Parameter representations outperform single-cell foundation models on downstream tasks
Boston University
Abstract:
Single-cell RNA sequencing (scRNA-seq) data exhibit strong and reproducible statistical structure. This has motivated the development of large-scale foundation models, such as TranscriptFormer, that use transformer-based architectures to learn a generative model for gene expression by embedding genes into a latent vector space. These embeddings have been used to obtain state-of-the-art (SOTA) performance on downstream tasks such as cell-type classification, disease-state prediction, and cross-species learning. Here, we ask whether similar performance can be achieved without utilizing computationally intensive deep learning-based representations. Using simple, interpretable pipelines that rely on careful normalization and linear methods, we obtain SOTA or near SOTA performance across multiple benchmarks commonly used to evaluate single-cell foundation models, including outperforming foundation models on out-of-distribution tasks involving novel cell types and organisms absent from the training data. Our findings highlight the need for rigorous benchmarking and suggest that the biology of cell identity can be captured by simple linear representations of single cell gene expression data.
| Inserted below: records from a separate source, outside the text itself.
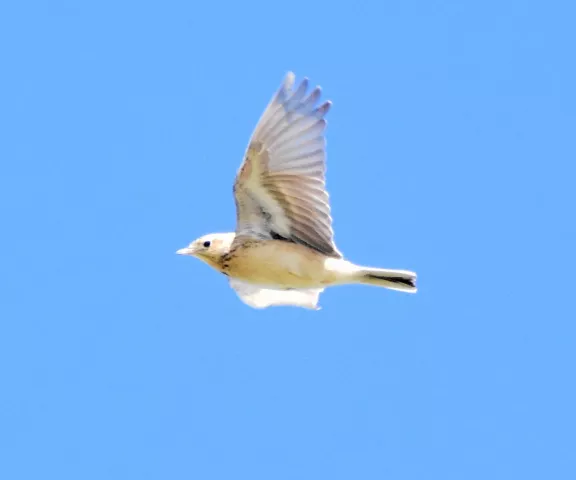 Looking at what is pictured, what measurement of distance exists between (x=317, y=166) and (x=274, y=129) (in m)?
0.57

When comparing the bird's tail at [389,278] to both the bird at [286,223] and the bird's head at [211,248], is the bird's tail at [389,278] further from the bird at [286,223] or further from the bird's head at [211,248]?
the bird's head at [211,248]

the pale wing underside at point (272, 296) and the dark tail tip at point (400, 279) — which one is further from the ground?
the pale wing underside at point (272, 296)

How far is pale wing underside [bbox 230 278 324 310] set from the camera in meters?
15.8

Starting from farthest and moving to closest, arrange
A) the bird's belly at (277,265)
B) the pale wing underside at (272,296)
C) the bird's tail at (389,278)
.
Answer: the pale wing underside at (272,296)
the bird's belly at (277,265)
the bird's tail at (389,278)

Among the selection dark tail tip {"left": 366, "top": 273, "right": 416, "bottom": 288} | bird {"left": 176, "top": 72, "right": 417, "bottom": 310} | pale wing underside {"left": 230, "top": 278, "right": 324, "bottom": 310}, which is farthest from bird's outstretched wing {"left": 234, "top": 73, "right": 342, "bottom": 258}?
dark tail tip {"left": 366, "top": 273, "right": 416, "bottom": 288}

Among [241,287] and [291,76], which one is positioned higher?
[291,76]

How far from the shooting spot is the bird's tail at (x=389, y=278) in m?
15.1

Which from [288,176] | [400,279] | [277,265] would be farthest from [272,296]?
[400,279]

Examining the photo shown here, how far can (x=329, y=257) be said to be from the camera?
1563cm

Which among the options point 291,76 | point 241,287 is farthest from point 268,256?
point 291,76

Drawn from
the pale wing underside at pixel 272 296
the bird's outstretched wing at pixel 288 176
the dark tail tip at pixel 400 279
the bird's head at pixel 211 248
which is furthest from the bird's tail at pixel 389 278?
the bird's head at pixel 211 248

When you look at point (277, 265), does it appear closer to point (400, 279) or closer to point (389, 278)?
point (389, 278)

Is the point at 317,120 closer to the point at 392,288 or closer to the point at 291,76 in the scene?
the point at 291,76

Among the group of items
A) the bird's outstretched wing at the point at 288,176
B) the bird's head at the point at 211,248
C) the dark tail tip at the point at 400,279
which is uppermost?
the bird's outstretched wing at the point at 288,176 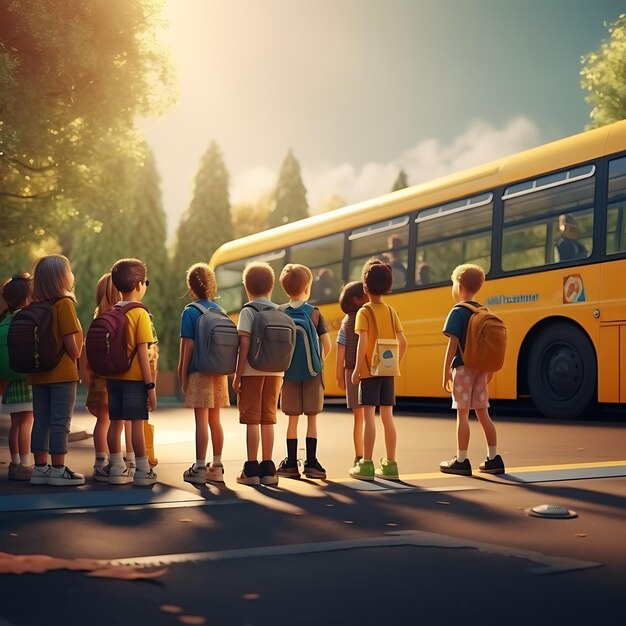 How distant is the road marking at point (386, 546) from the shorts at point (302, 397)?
257cm

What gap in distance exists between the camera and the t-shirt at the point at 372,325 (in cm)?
785

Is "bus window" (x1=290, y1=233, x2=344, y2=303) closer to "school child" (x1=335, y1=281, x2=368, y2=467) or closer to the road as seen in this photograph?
"school child" (x1=335, y1=281, x2=368, y2=467)

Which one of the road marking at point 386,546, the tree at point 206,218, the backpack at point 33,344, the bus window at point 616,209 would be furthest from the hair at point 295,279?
the tree at point 206,218

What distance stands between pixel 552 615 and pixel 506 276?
36.0ft

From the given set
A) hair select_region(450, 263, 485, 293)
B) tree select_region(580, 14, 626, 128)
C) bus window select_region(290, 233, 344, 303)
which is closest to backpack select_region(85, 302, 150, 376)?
hair select_region(450, 263, 485, 293)

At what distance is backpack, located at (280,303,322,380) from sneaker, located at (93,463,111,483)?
1489 millimetres

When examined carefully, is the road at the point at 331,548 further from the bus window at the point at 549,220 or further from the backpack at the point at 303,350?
the bus window at the point at 549,220

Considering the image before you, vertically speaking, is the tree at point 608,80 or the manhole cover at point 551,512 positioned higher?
the tree at point 608,80

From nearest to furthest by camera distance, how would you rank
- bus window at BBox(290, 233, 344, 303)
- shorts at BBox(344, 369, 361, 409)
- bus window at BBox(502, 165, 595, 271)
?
shorts at BBox(344, 369, 361, 409) → bus window at BBox(502, 165, 595, 271) → bus window at BBox(290, 233, 344, 303)

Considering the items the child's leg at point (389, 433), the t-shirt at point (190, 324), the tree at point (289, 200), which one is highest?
the tree at point (289, 200)

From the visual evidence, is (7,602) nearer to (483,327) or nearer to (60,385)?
(60,385)

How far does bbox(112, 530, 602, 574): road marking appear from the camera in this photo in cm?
455

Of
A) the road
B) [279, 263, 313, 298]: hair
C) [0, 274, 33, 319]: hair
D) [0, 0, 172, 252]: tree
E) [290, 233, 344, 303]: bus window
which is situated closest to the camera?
the road

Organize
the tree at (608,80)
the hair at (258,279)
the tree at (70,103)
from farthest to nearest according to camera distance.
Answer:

As an illustration, I will show how we can use simple representations to find signatures of low-dimensional geometric landscapes in high-dimensional gene expression data on cell fate transitions.
Biography:
Pankaj Mehta is a Professor of Physics at Boston University, where he is also faculty in the Faculty of Computing and Data Science. He received his B.S. in Mathematics from Caltech and his Ph.D. in Physics from Rutgers, followed by postdoctoral work at Princeton. He is interested in theoretical problems at the interface of physics and biology — specifically how large-scale collective behaviors emerge from individual components, whether molecules enabling cellular computation, cell fate in development, or universal statistical behaviors in microbial ecosystems. He also has a running interest in problems at the intersection of machine learning and statistical physics, as well as occasional forays into quantum condensed matter; he is a firm believer that understanding biology requires developing a twenty-first-century statistical physics of life (see arXiv:2410.20506). He is a Simons Investigator in the Mathematical Modeling of Living Systems and an Alfred P. Sloan Fellow.